▸ YOUR GOAL
Pictures are to be dropped, and only the lines from the one containing "shallow focus photo" through the end of the data below are to be reproduced as written.

[Short text fragments from websites]
Segment Open

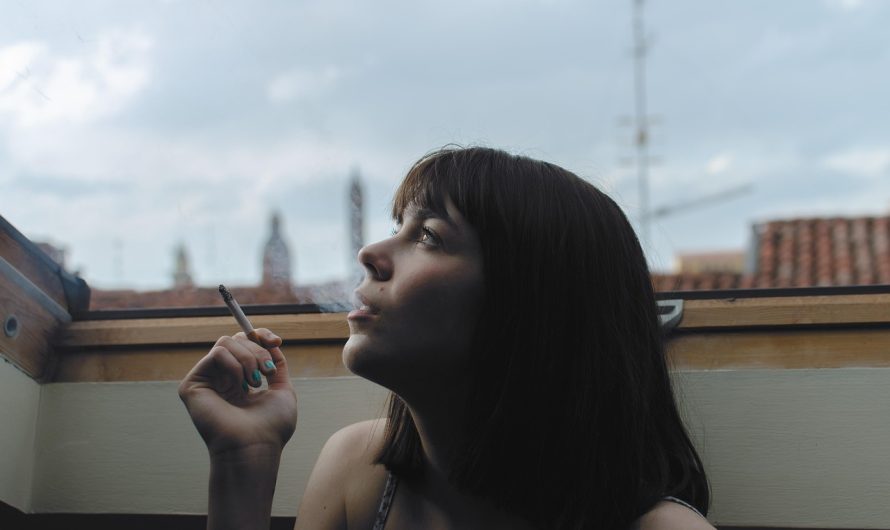 Табак в Краснодаре: разнообразие и качество табачных изделий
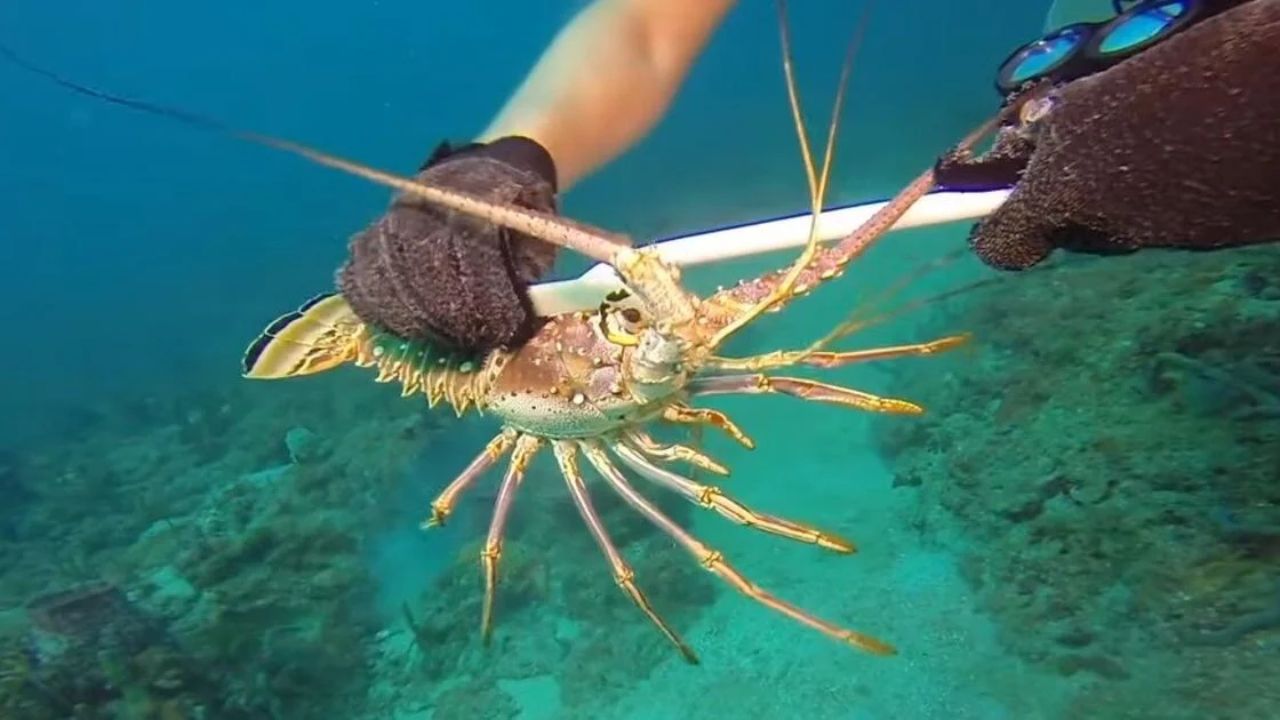 Two Florida Men Die While Snorkeling During Lobster Mini-Season in the Keys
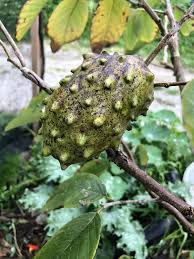 Image result for Heywoodia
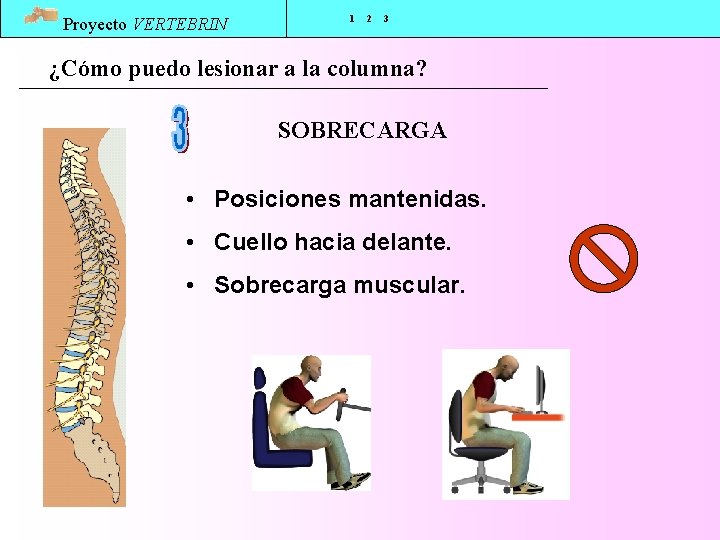 Proyecto VERTEBRIN 1 2 3 ¿Cómo puedo lesionar a la columna? SOBRECARGA • Posiciones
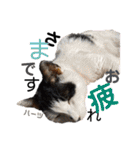 ハーツ保護猫シェルター支援・仕事他（個別スタンプ：13）
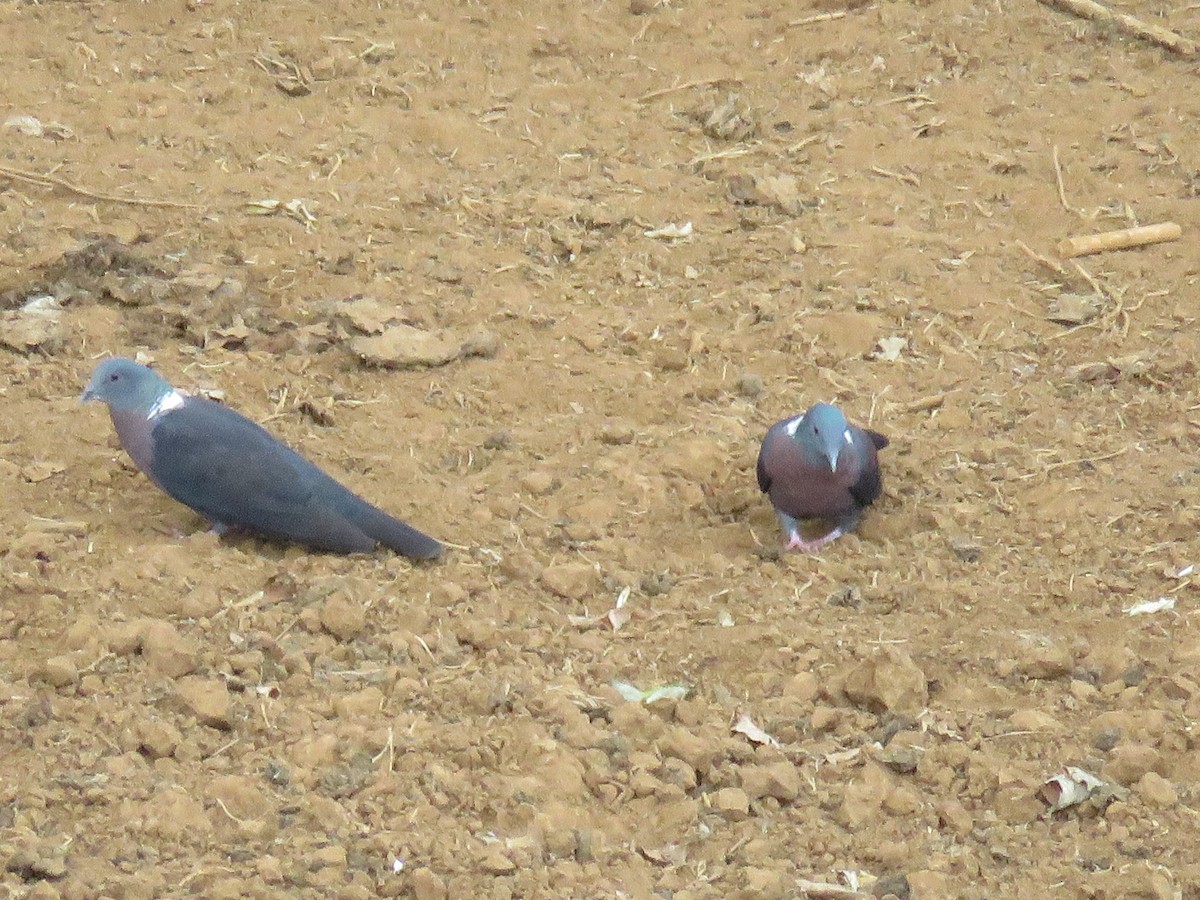 Pigeon de Delegorgue - ML85264561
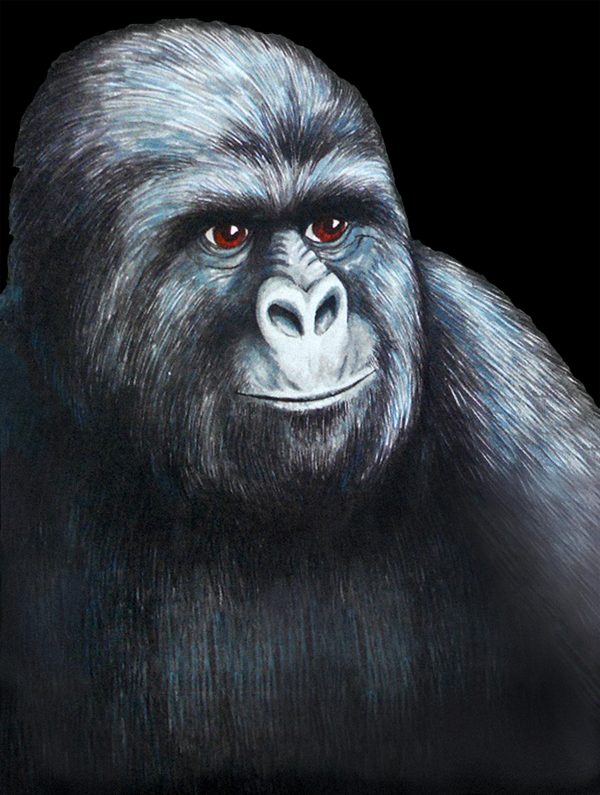 ee3.png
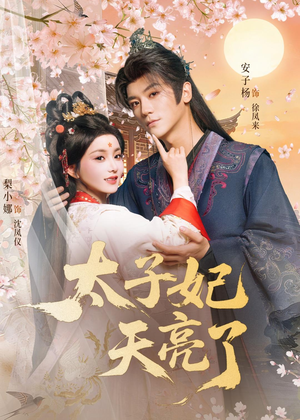 太子妃天亮了(80集) 太子妃天亮了(80集)短剧太精彩了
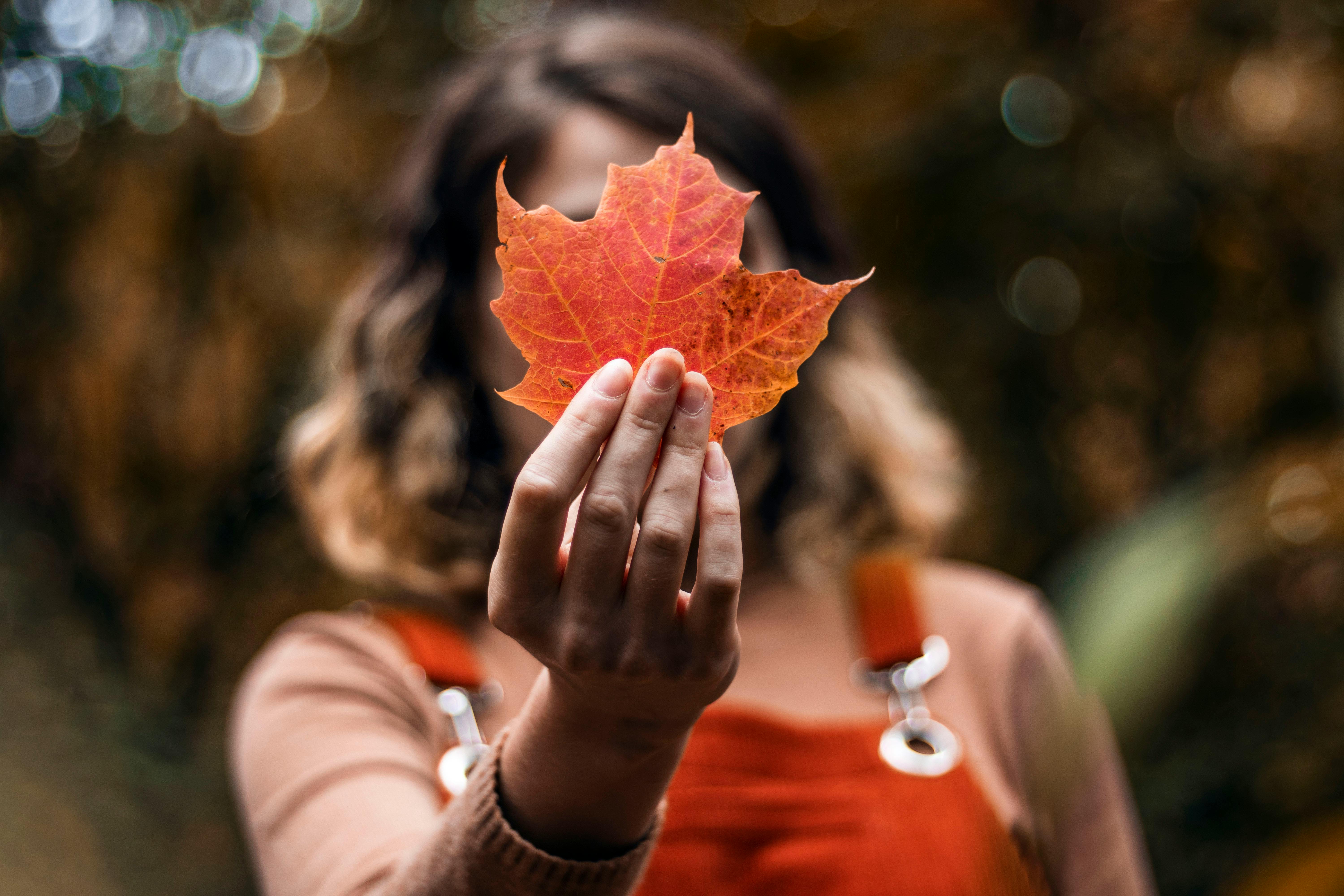 shallow focus photo of person holding red maple leaf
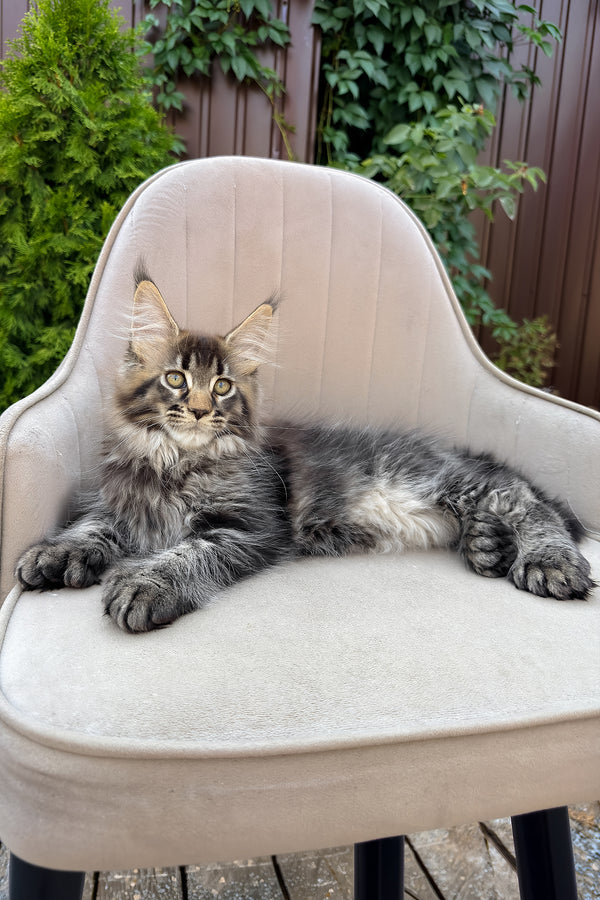 Florence | Polydactyl Maine Coon Kitten
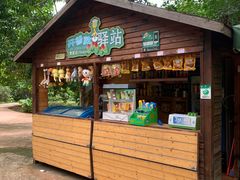 -海南热带野生动植物园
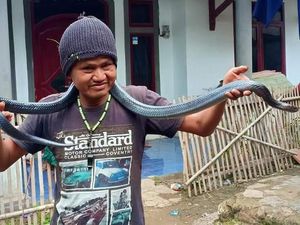 Kaleidoskop 2019: Jana Dililit Sanca dan Pemuda Digigit King Kobra Kaleidoskop 2019: Jana Dililit Sanca dan Pemuda Digigit King Kobra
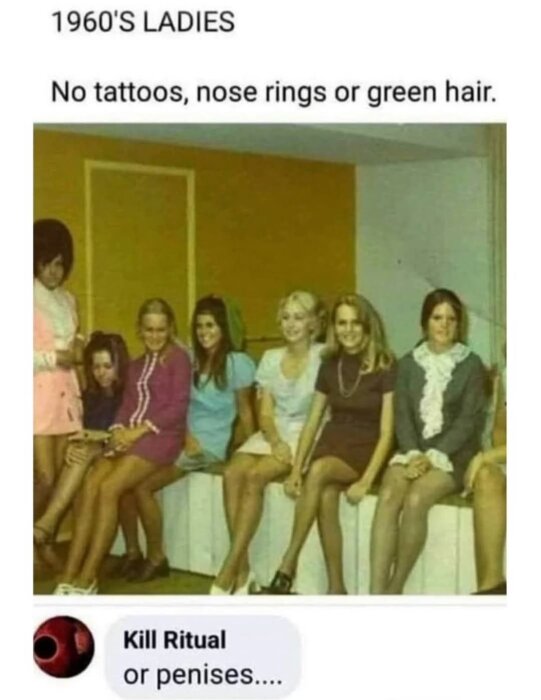 En grupp kvinnor från 1960-talet sitter på en bänk. Text ovanför beskriver stilen: inga tatueringar, näsringar eller grönt hår. En kommentar läser "or penises...".
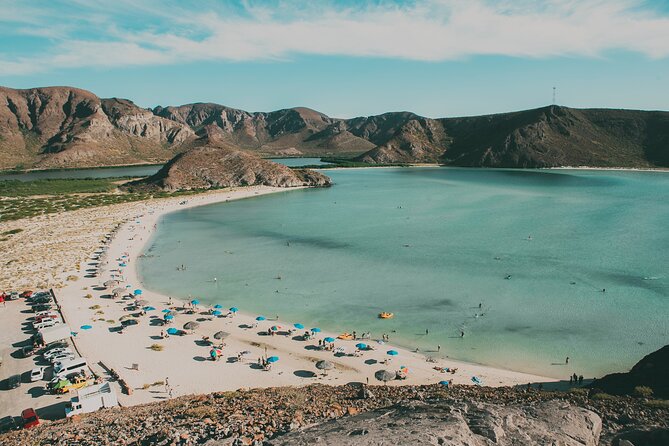 La Paz Like a Local: Customized Private Walking Tour - Exploring La Pazs Vibrant Culture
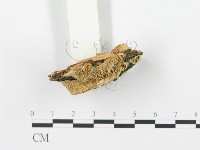 登錄號:F0019742藏品圖，第5張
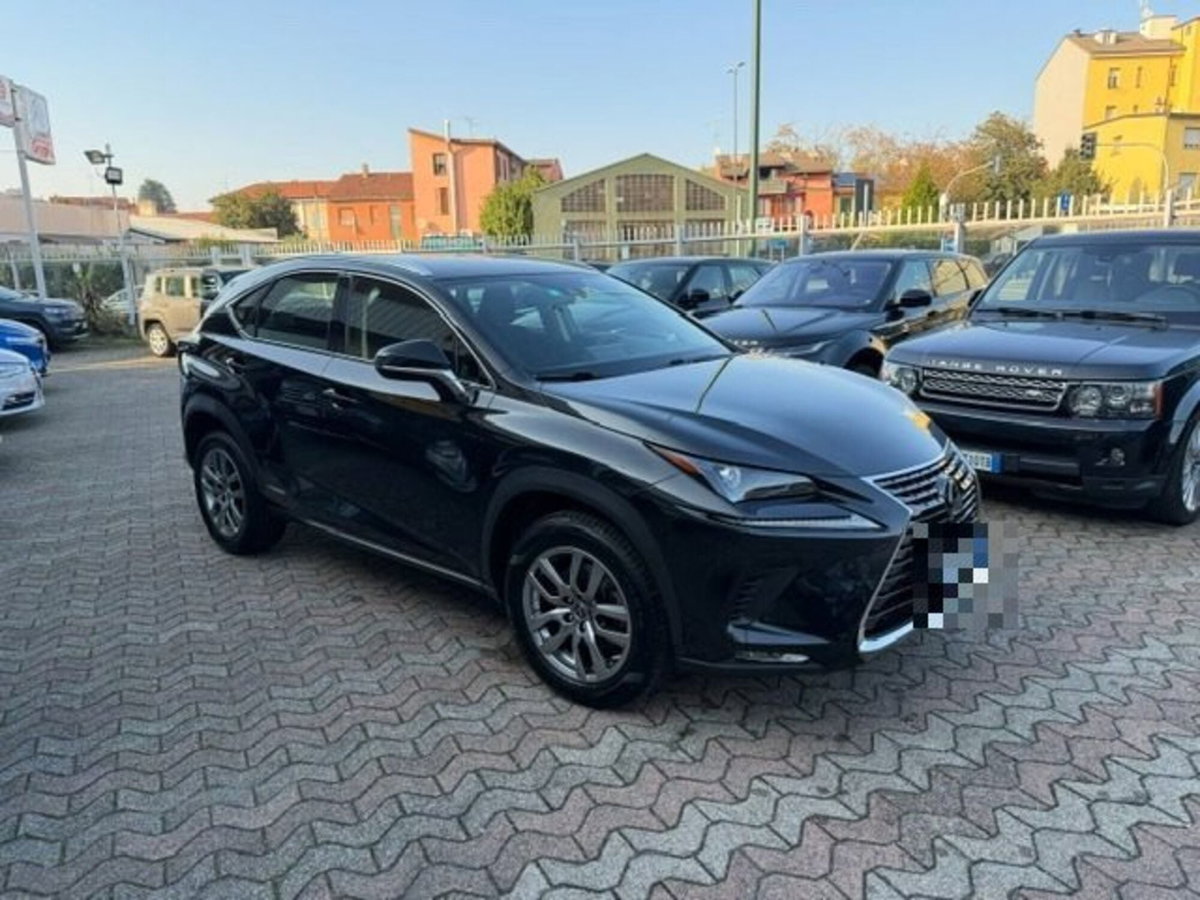 Lexus NX Hybrid Business (3)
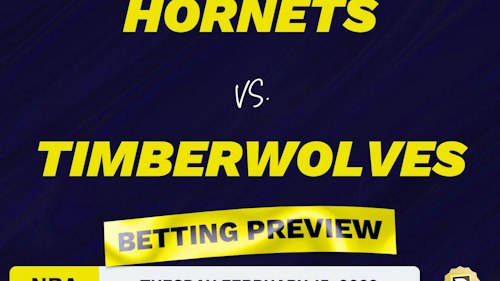Hornets vs. Timberwolves Predictions and Odds - Feb 15, 2022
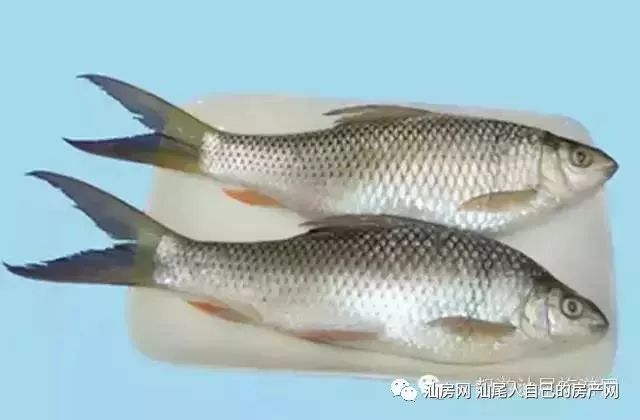 平时补点锌硒的坏处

Segment Closed

▸ OUTPUT OF THE TASK
 shallow focus photo of person holding red maple leaf
 Florence | Polydactyl Maine Coon Kitten
 -海南热带野生动植物园
 Kaleidoskop 2019: Jana Dililit Sanca dan Pemuda Digigit King Kobra Kaleidoskop 2019: Jana Dililit Sanca dan Pemuda Digigit King Kobra
 En grupp kvinnor från 1960-talet sitter på en bänk. Text ovanför beskriver stilen: inga tatueringar, näsringar eller grönt hår. En kommentar läser "or penises...".
 La Paz Like a Local: Customized Private Walking Tour - Exploring La Pazs Vibrant Culture
 登錄號:F0019742藏品圖，第5張
 Lexus NX Hybrid Business (3)
Hornets vs. Timberwolves Predictions and Odds - Feb 15, 2022
 平时补点锌硒的坏处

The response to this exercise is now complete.